4 Ways I Manage My Postpartum Anxiety

I’m a naturally anxious person, so when I was home with a newborn, I had a really hard time managing. 

I knew some other people that had babies around the same time, and everyone was posting cute monthly pictures with their babies’ big milestones, and it just made me panic. Had my daughter hit that milestone yet? Was she behind? Were there any developmental issues I needed to be worried about? I was completely consumed with these thoughts. 

I know being a new mom is supposed to be exciting, and you’re supposed to feel like your babies are growing up too fast and want it to slow down. But for me, the new mom stage was filled with anxiety and nervousness about if my baby was developing the way she was supposed to. I was also constantly worried that she was sick or injured but unable to communicate that with me.

It took most of a long, nerve-wracking maternity leave to figure out how to deal with this crippling problem, but by the end, I felt like I had a much better handle on the anxiety, and I was able to enjoy my baby and her personal path to development so much more. 

For anyone facing the same struggles, here’s what I learned on my journey:

 

1. Seeking help shows your strength as a mother, not your weakness

After I had my daughter, I felt the need to handle everything myself, without any assistance, even though that’s crazy. I’ve already had a known history of anxiety. And postpartum anxiety affects up to 10 percent of new mothers. 
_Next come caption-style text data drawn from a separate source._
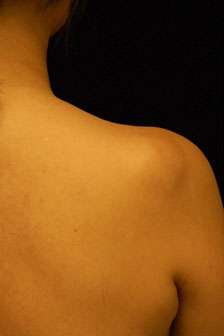 Minimal Incision and Power-assisted Liposuction Removal of Lipomas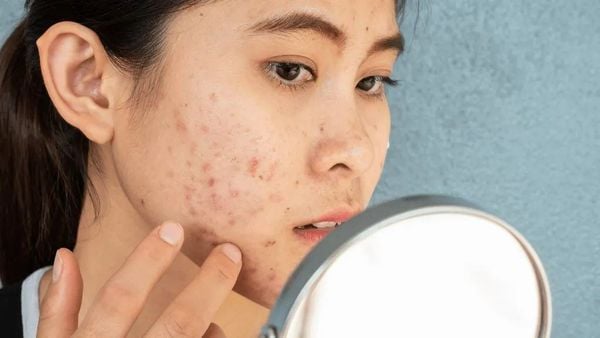 Những sai lầm cần tránh khi điều trị mụn nội tiết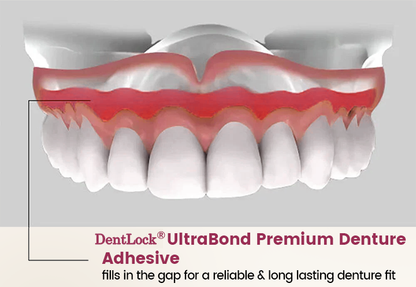 DentLock® UltraBond Premium Denture Adhesive 🔥 FDA Certified (Clinically Proven 4-Day Hold for Secure, Comfortable & Zinc-Free Denture Fit 🦷)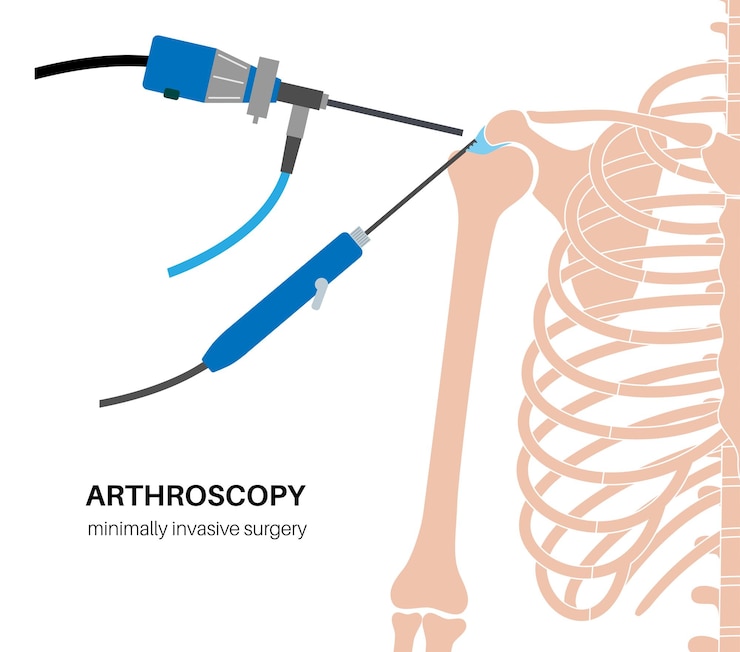 Schouder artroscopie procedure Rotator cuff tranen of schoudergewricht vervanging Minimaal invasieve chirurgie Ligamenten behandeling peesontsteking pijn of artritis ontsteking medische vector illustratie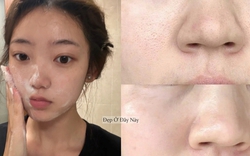 Thu nhỏ lỗ chân lông với 5 loại sữa rửa mặt làm sạch sâu mà không gây khô da
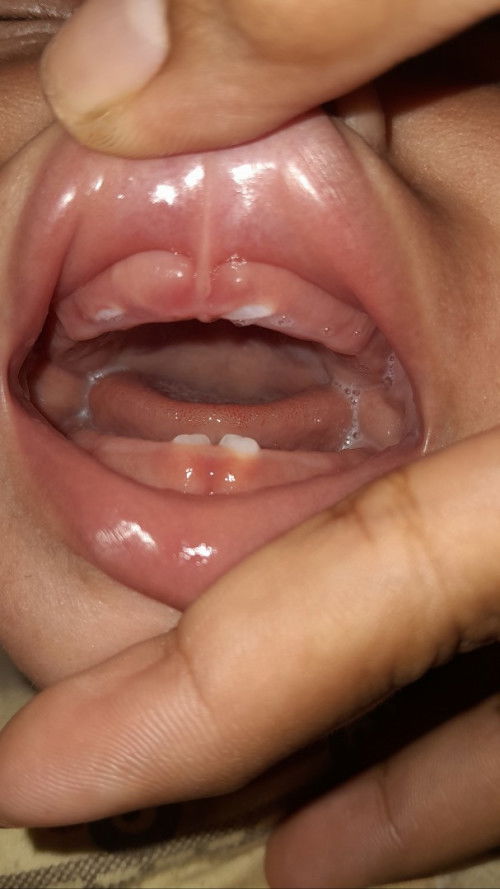 Normal gak ya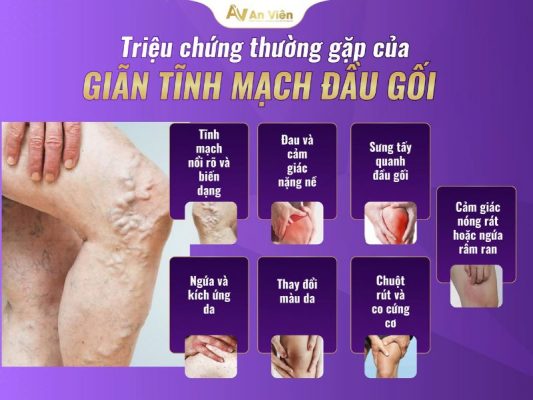 cách điều trị suy giãn tĩnh mạch sâu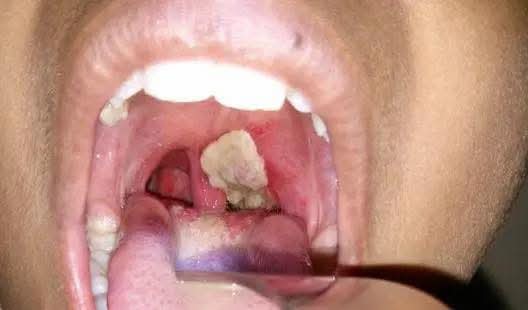 FG Activates Emergency Response as Diphtheria Outbreak Hits Kano, Katsina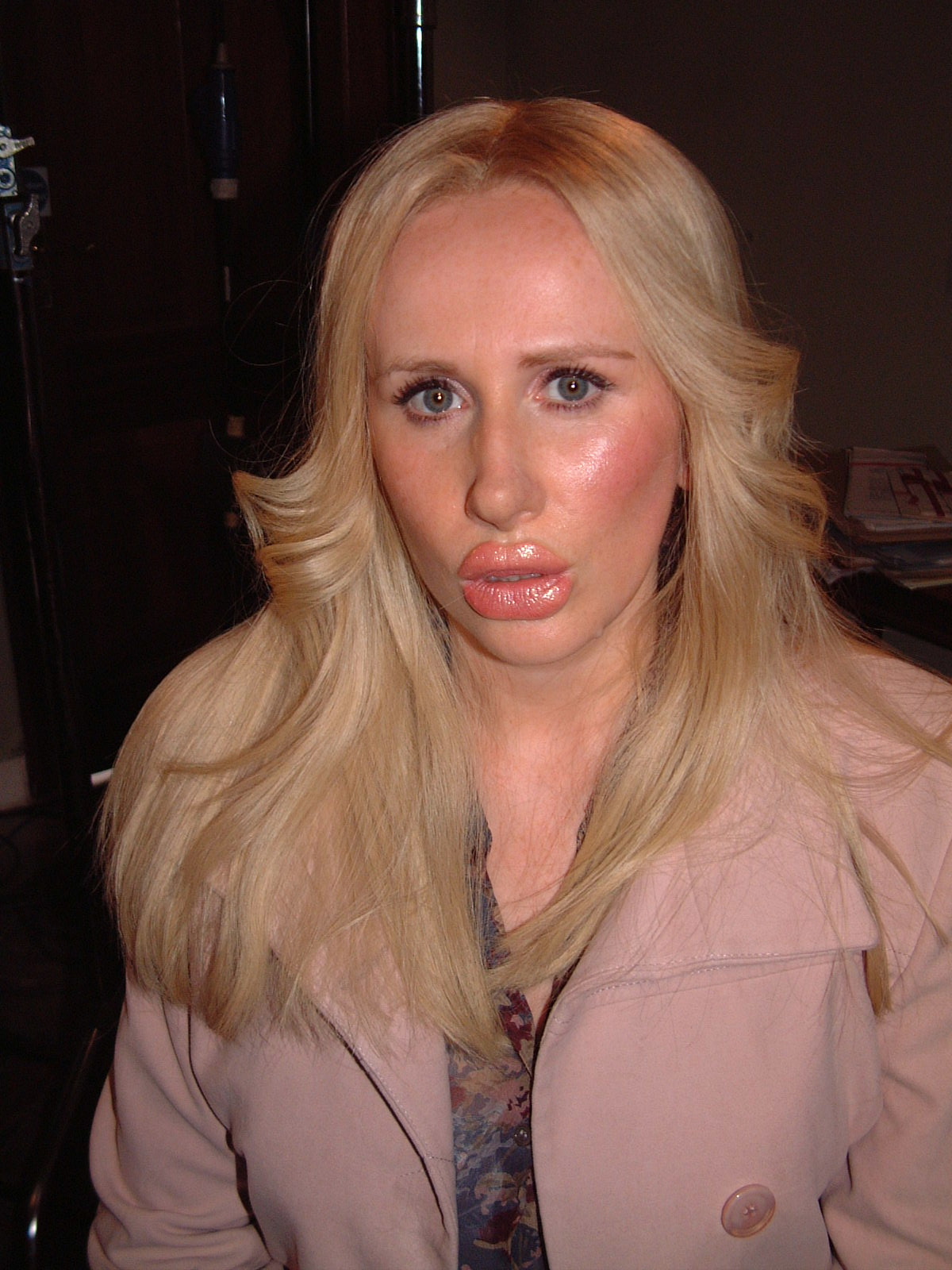 CATHERINE TATE 'HOLLYWOOD ACTRESS AFTER LIP ENHANCEMENT!!!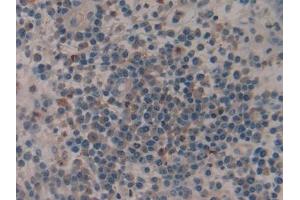 Immunohistochemistry (IHC) image for anti-Plasminogen Activator, Tissue (PLAT) antibody (ABIN7431908)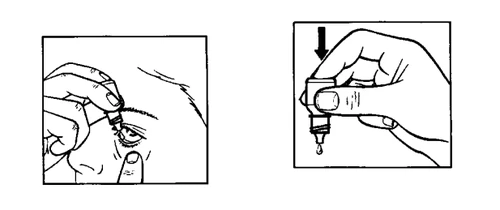 Two illustrations showing a hand holding a small bottle of eye drops and administering medication to the eye while gently pulling down the lower eyelid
Having a newborn naturally comes with its own share of worry because you are entering a completely new field. But sometimes, it’s more serious than that, and postpartum anxiety and postpartum depression are real, serious illnesses. So many of us think that we can just work through these issues on our own and that everything is just in our heads — but often we are dealing with something much more severe than being just a bit worried, and it requires professional help to treat. 

My worries consumed my mind most of the day and were sometimes irrational. Once I faced the fact that I was mentally struggling — and not just dealing with normal levels of worry — I got in touch with my OB-GYN and she provided me some medication to help. 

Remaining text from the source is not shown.